┌─ Data for the task
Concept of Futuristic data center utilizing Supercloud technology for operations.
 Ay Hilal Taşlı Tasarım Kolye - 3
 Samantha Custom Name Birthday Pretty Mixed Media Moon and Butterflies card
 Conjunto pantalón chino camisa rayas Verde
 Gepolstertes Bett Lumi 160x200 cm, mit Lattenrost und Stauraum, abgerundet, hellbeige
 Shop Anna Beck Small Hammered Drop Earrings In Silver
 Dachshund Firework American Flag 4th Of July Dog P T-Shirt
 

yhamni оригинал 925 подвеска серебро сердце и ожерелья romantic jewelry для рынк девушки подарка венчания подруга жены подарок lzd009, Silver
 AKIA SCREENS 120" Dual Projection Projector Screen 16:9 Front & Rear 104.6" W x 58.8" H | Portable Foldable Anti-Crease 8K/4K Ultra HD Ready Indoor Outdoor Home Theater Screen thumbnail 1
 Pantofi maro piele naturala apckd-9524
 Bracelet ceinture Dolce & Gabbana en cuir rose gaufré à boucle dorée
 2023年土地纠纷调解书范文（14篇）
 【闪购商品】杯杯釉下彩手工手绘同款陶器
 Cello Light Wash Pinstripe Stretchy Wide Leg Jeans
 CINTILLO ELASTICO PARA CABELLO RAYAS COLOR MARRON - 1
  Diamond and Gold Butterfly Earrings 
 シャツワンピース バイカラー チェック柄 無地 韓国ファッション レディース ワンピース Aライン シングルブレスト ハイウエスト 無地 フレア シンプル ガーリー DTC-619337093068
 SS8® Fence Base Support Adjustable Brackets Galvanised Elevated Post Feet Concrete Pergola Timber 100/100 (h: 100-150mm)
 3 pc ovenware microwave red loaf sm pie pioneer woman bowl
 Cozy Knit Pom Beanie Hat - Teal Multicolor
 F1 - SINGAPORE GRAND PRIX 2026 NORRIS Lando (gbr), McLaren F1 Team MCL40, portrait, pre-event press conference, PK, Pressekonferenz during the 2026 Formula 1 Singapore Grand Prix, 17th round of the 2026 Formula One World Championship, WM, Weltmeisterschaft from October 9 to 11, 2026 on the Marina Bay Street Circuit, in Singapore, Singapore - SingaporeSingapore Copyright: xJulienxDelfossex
└─
■ Task instructions ■
Using the entries above, tally every line that holds the word "Silver". Answer with that number only.

■ Answer for this exercise ■
2